* _Action item_
Omit any picture, and return the remaining data exactly as written.

* _Data extracts_
----------------
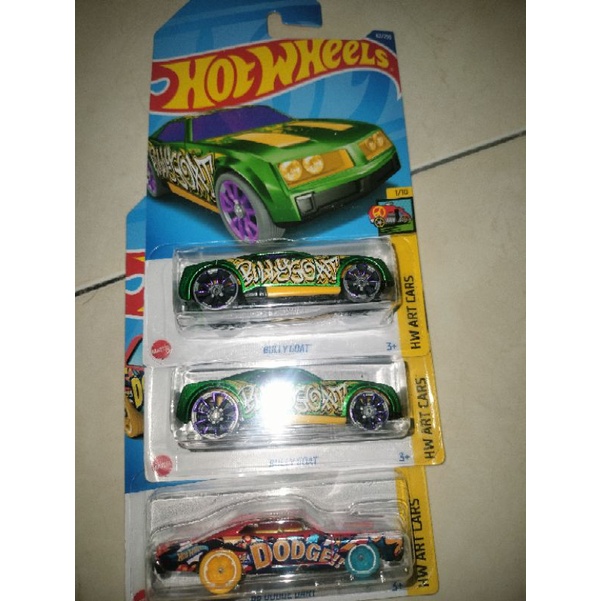 HW ART CARS BULLY GOAT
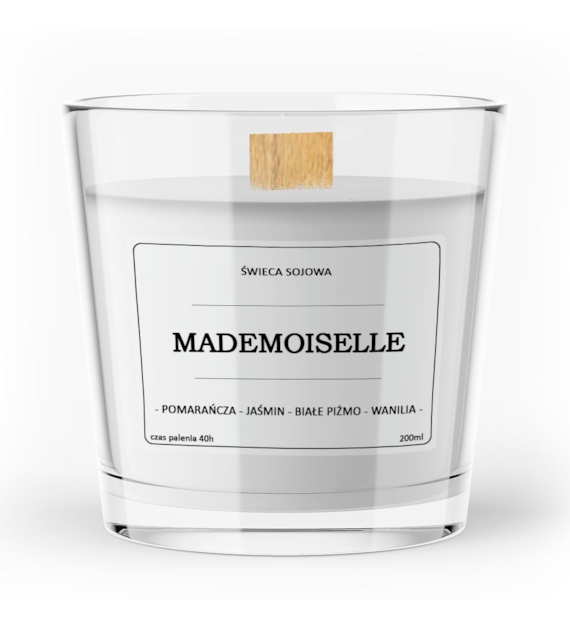 Świeca zapachowa sojowa MADEMOISELLE 200ml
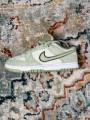 Nike dunk low fleece green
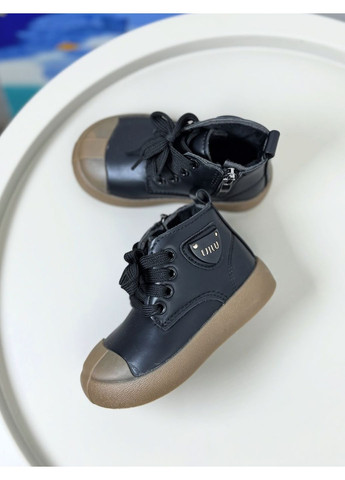 Черевики осінні дитячі чорні 1647 No Brand (367581232)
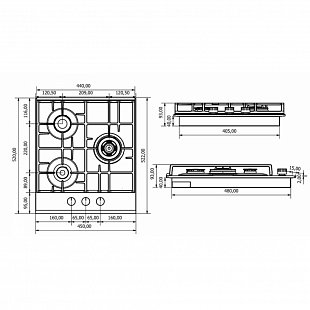 Варочная панель KUPPERSBERG FQ 42 W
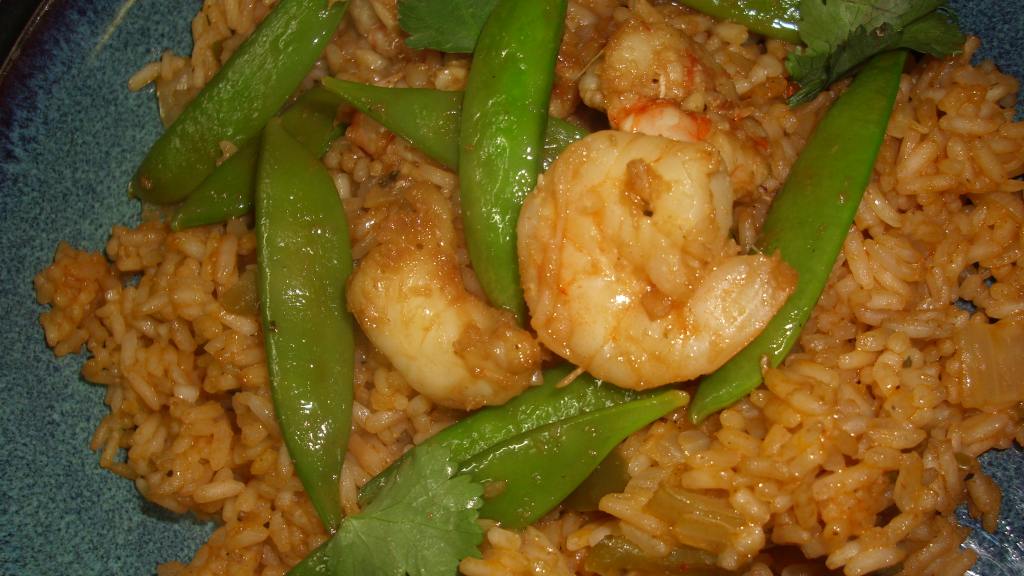 Ginger Shrimp and Pea Pod Stir Fry Recipe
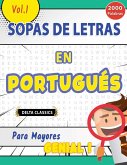 SOPA DE LETRAS EN PORTUGUÉS PARA MAYORES - GENIAL! VOL.1 - DELTA CLASSICS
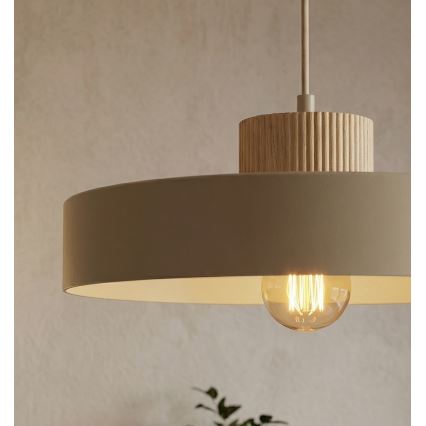 Ovjesni luster na sajli KIVI 1xE27/15W/230V bež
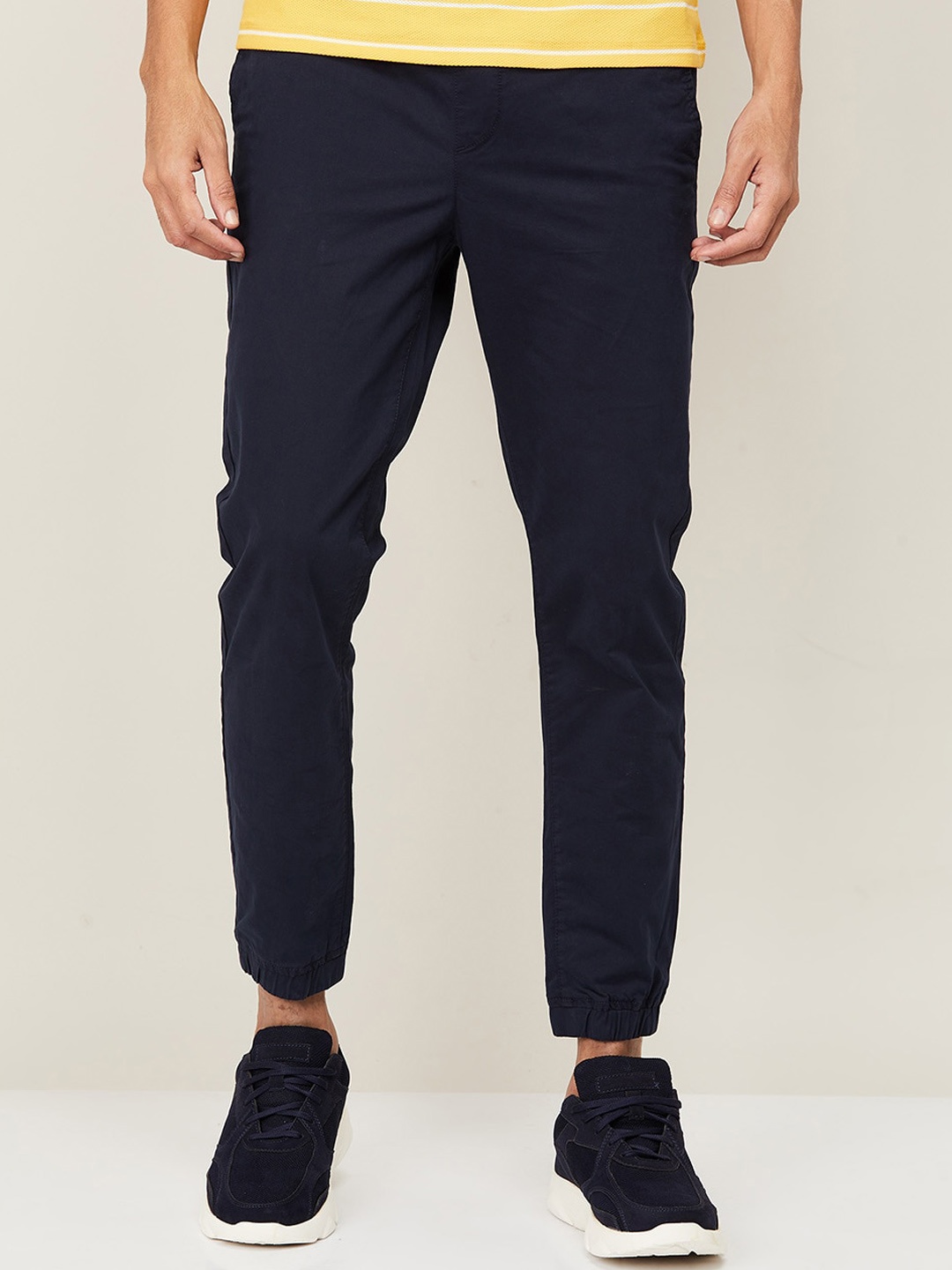 

Fame Forever by Lifestyle Men Navy Blue Slim Fit Joggers Trousers
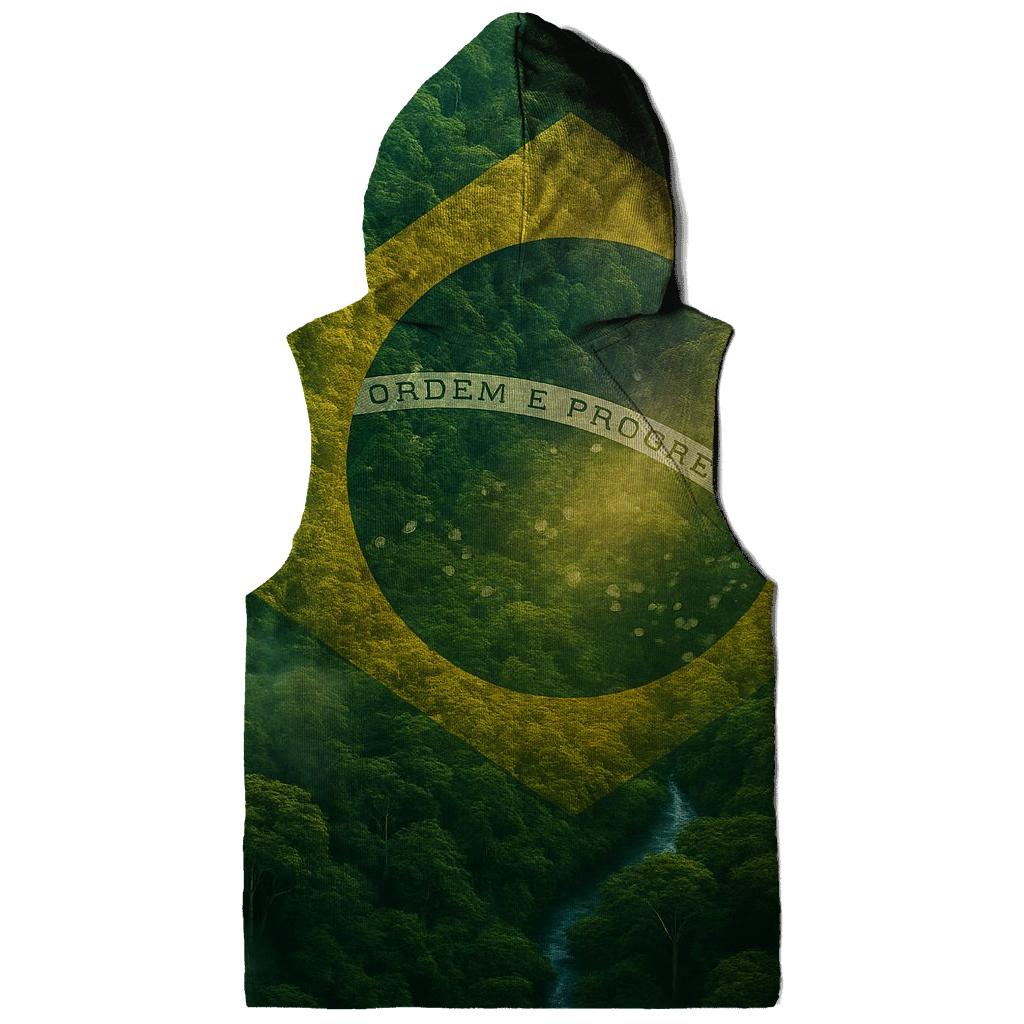 Brazilian Rainforest Flag Canopy zip-up hoodies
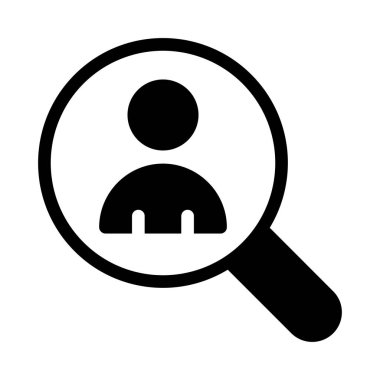 kullanıcı vektör glyph düz simgesini keşfetti 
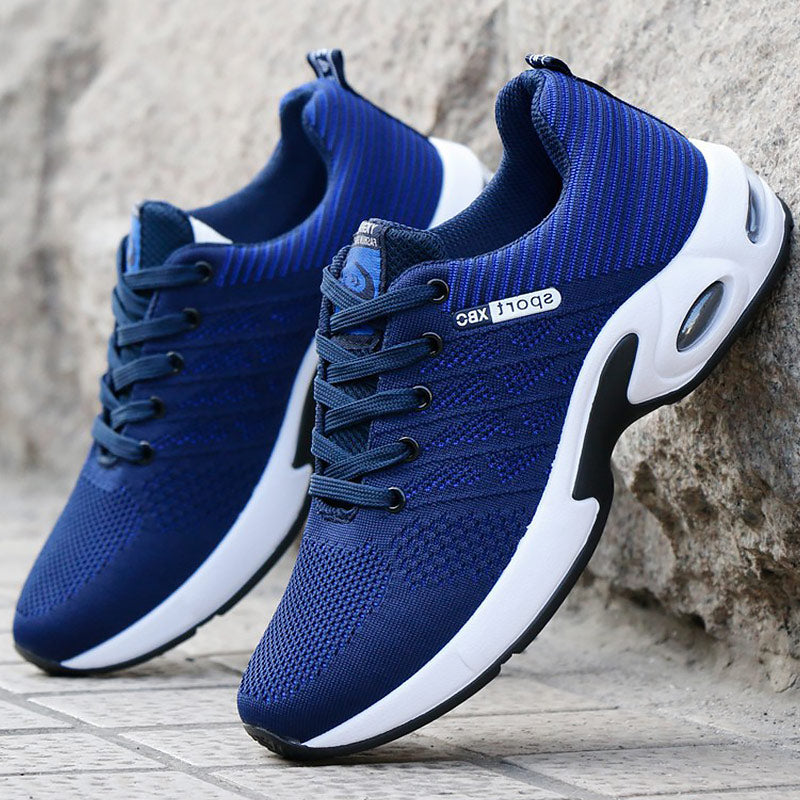 Orthopädische Schuhe - Fußgewölbeunterstützung - Weiche Sohle - Sneaker - Turnschuhe-Blau-39-Chaps Herrenmode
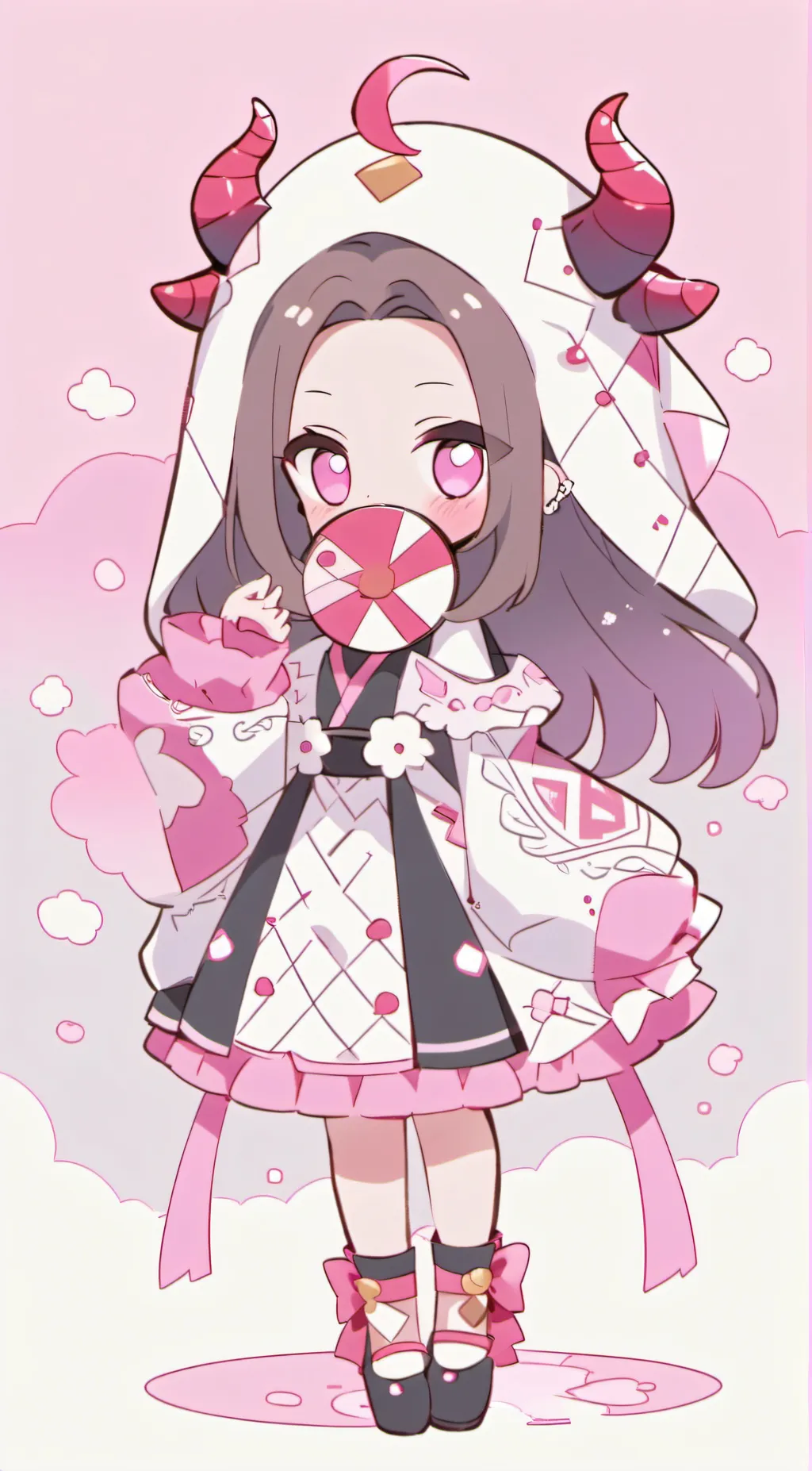 ai character: Nezuko background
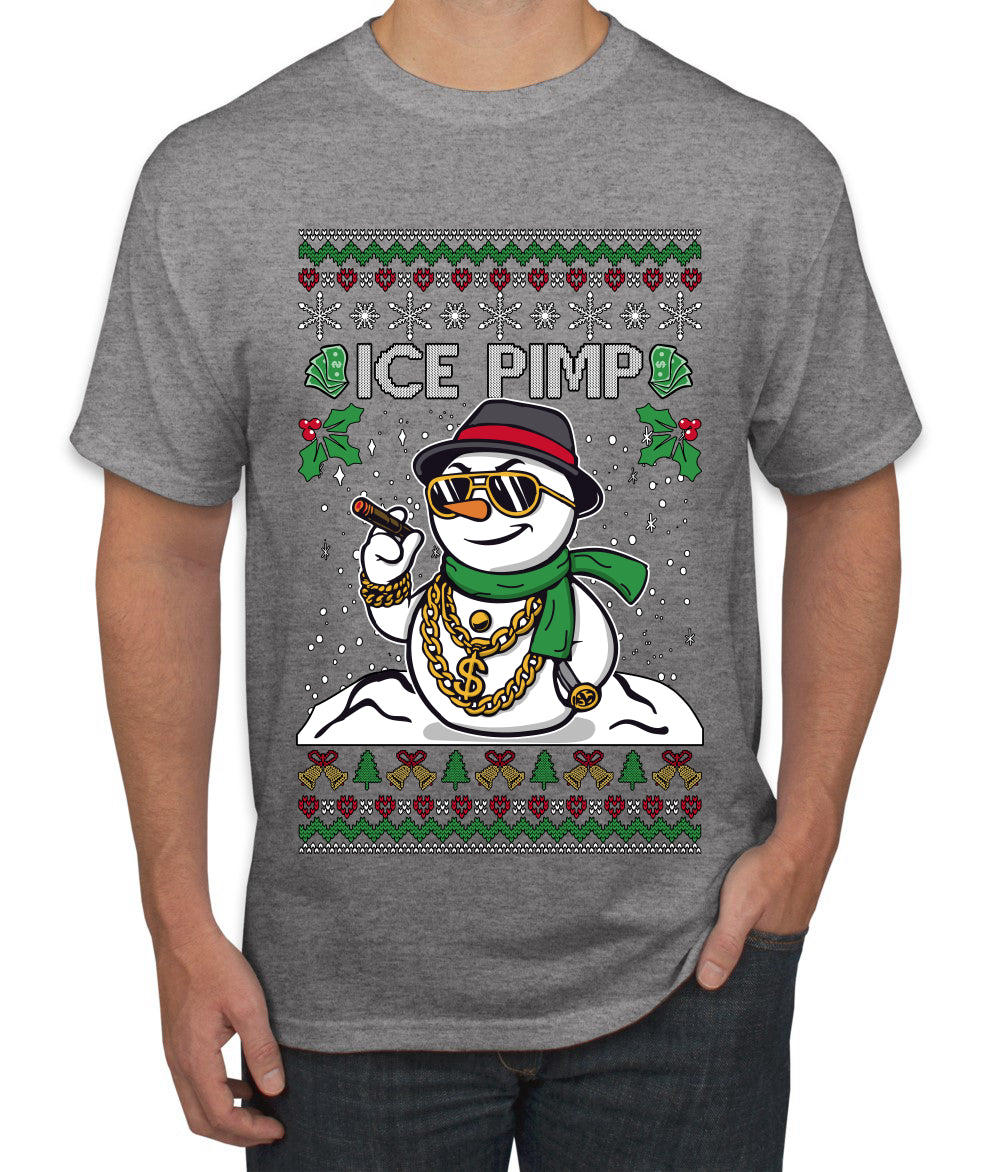 Ice Pimp, Ugly Christmas Sweater Unisex Men's T-Shirt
----------------
* _Answer box_
 HW ART CARS BULLY GOAT
 Świeca zapachowa sojowa MADEMOISELLE 200ml
 Nike dunk low fleece green
 Черевики осінні дитячі чорні 1647 No Brand (367581232)
 Варочная панель KUPPERSBERG FQ 42 W
 Ginger Shrimp and Pea Pod Stir Fry Recipe
 SOPA DE LETRAS EN PORTUGUÉS PARA MAYORES - GENIAL! VOL.1 - DELTA CLASSICS
 Ovjesni luster na sajli KIVI 1xE27/15W/230V bež

Fame Forever by Lifestyle Men Navy Blue Slim Fit Joggers Trousers
 Brazilian Rainforest Flag Canopy zip-up hoodies
 kullanıcı vektör glyph düz simgesini keşfetti 
 Orthopädische Schuhe - Fußgewölbeunterstützung - Weiche Sohle - Sneaker - Turnschuhe-Blau-39-Chaps Herrenmode
 ai character: Nezuko background
 Ice Pimp, Ugly Christmas Sweater Unisex Men's T-Shirt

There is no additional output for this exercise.